WHY CHANGE ORDERS
ALWAYS LOSE MONEY.
Change orders should be some of the most profitable work on a job — you already have the crew mobilized, the equipment on site, and the overhead running. But most change orders lose money. Not because the scope is wrong. Because the billing protocol is broken. Work starts before a price is agreed. Overhead isn't included in the price. Billing gets delayed past the leverage window. Costs code to the wrong place. Four failures, all preventable.
HOW APPROVED SCOPE BECOMES
UNRECOVERED REVENUE.
The impact: a $5M subcontractor running 15 jobs with an average of 4 change orders per job. If each change order averages $8,000 and recovers at 70% instead of 100% due to these four failures, that's $24,000 per job, $360,000 per year in preventable under-recovery. Every year.
THE CHANGE ORDER PROTOCOL
THAT RECOVERS THE MARGIN.
NO WORK WITHOUT A WRITTEN DIRECTION OR PRICE AGREEMENT
The PM's standing instruction: verbal "just get it done" is not authorization. Every scope change requires either a written direction to proceed (which preserves your right to price it) or a price agreement in writing before work starts. The PM communicates this to the GC as a professional standard, not a confrontation. Most GCs who work with structured subs respect this. Those who don't are teaching you something about the relationship.
PRICE WITH FULL OVERHEAD AND IMPACT COSTS
Change order pricing formula: direct labor (fully burdened) + direct material + equipment at cost basis rate + overhead allocation at current overhead rate + profit at target margin + any impact costs (standby time, re-sequencing, added mobilization). Build a change order pricing template that calculates each line. The PM fills in the scope quantities. The template calculates the rest.

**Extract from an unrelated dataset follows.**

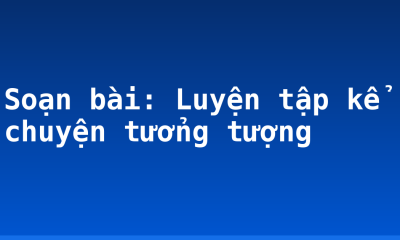 Soạn bài: Luyện tập kể chuyện tưởng tượng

BILL WITHIN 5 DAYS OF COMPLETION — CFO TRACKS THE LOG
Every completed change order gets billed within 5 days. The CFO maintains a change order log for every active job. Monthly, the CFO reviews the log: any change order with costs hitting the job but no billing event gets escalated to the PM that week. The log is the enforcement mechanism. Without it, billing timing is entirely dependent on the PM remembering — which is how 60-day delays happen.